About the same time I started 11/23/63 I received a copy of Ralph Fletcher’s new book Guy-Write What Every guy Writer Needs to Know.   As I read this book I kept thinking about what Jake had done with the janitor’s story.  Teachers often get so caught up in the mechanics of the story that we can see the true story.  Before I continue I want to make it clear that I do understand and know that mechanics are important, but imagine what would happen if mechanics became the secondary thought?

Guy-Write What Every guy Writer Needs to Know is not a professional book.  It is a book for guy writers.  With that said teachers must read this book.  It gives wonderful insight into what half our class is thinking.  (Unless you teach at an all boys school where it is 100%.  Or a girls school, and well…)  Ralph uses interviews with boy writers and grown boy writers. 

In the chapter Riding the Vomit Comet Writing About Disgusting Stuff,  Ralph interviews Jon Scieszka about making gross stuff good writing.  Jon talks about using interesting language to describe the scene, and stretching out the description.  I really liked this because a famous author is giving our guy writers permission to write about what they like, but it better be interesting or the reader will be BORED!

When I was a kid we lived for a couple of years in Nogales, Arizona, actually a few miles north of town out in the middle of the desert.  My friends and I had motorcycles.  (Yes, I got my first motorcycle when I was nine!)  Playing War on motorcycles is way more fun then just plain old War.  We could cover more ground, but a surprise attack was challenging.  My point is that I played War all summer long, and my favorite cartoon was Jonny Quest.  I grew up to be even keeled.  I don’t walk around with guns.  Yet there is this believe by many educators that if kids write about violence etc. the young author is going to go on a shooting spree in school.  I know there evil is out there!   I don’t want to make light of anyone’s loss to such violence.  I live in Colorado, so I know that guns kill way too many innocent people.  As teachers we must balance kids innocent writing about blood, guts, guns, etc.  In the opening chapter Ralph writes about how guys are constantly shot down for using violence in their writing.  He uses a poem written by a first grader to demonstrate this:

Weed Hunter

I feel like I am hunting a very victorious plant, a weed.
I circle it.  I study it.
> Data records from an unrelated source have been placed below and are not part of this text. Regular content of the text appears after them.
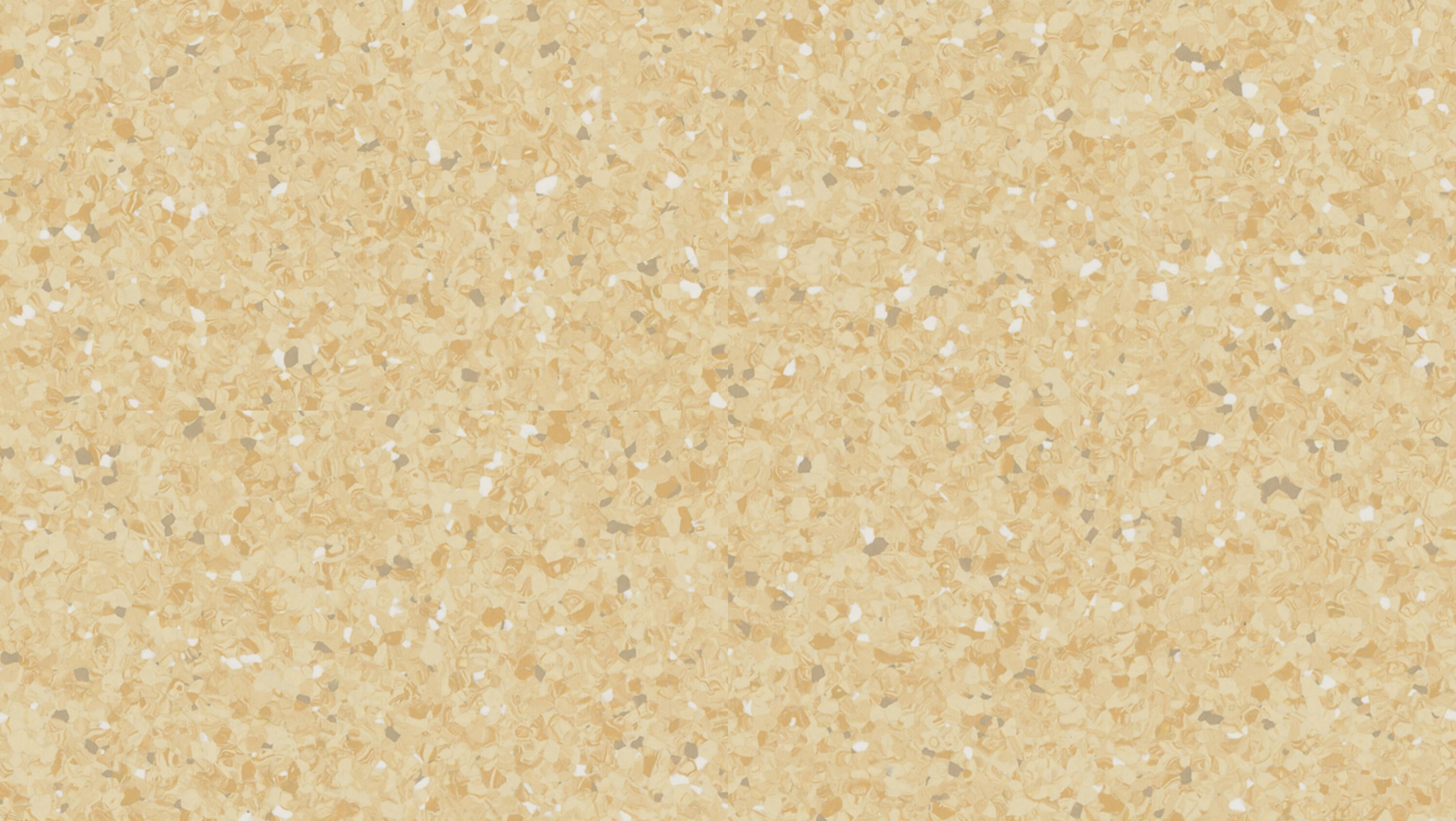 0661 Light Yellow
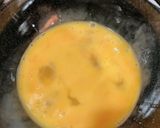焦糖烤布丁的食譜步驟3照片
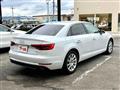 2016 Audi A4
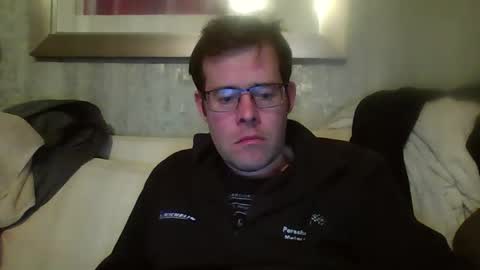 Snapshot of jamie516 chatting on March 10, 8:45 pm jamie516 online show from March 10, 8:45 pm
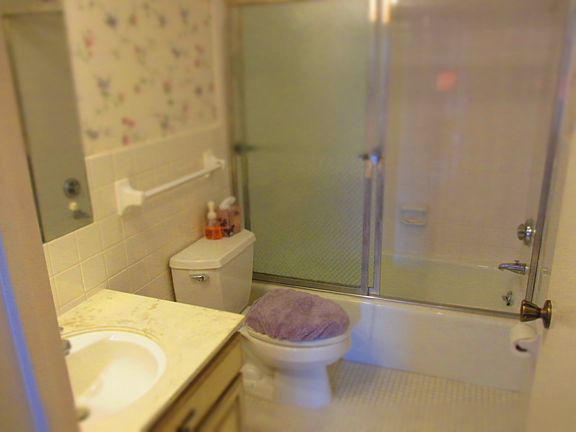 Bath 2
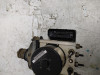  ABS, SEAT, LEON (1P1) 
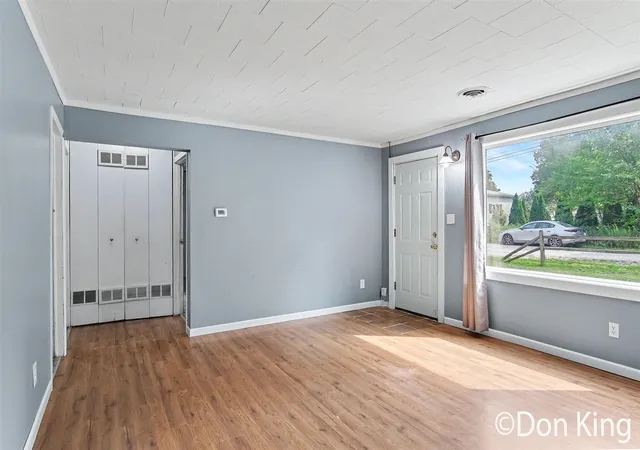 Photo 4 of Single family home for sale at 3717 Ivy Dr, Grand Rapids, MI 49525 | MLS# 70556745 | Listing updated on 2026-09-16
I watch its every move.
I always take it by the roots.

My weapon is my shovel.

Weeds come up way ahead of the other plants.

I shall pull up every one I see and
Put it a very dry place without any dirt.

I will defeat these weeds
even if it will take my entire life!

Because of one word this poem was not printed in the classroom anthology.  I’m sure it is easy to figure out which word.

Now reality.  We have to get up out test scores, we have to fit everything into common core standards, we have to………… So with everything how do we balance what our kids want to write with what we want them to write? Libations.  OK, well not at school, but at school we compromise.   I believe Guy-Write What Every guy Writer Needs to Know  will help everyone in class become a better writer.  


Book provided from Ralph Fletcher!

1 comment:

Natalie Berges Tucker said...

Your post just confirms, yet again, why we are friends! I think I said practically the same thing the other day in a training:) So glad to hear that Ralph has another book out!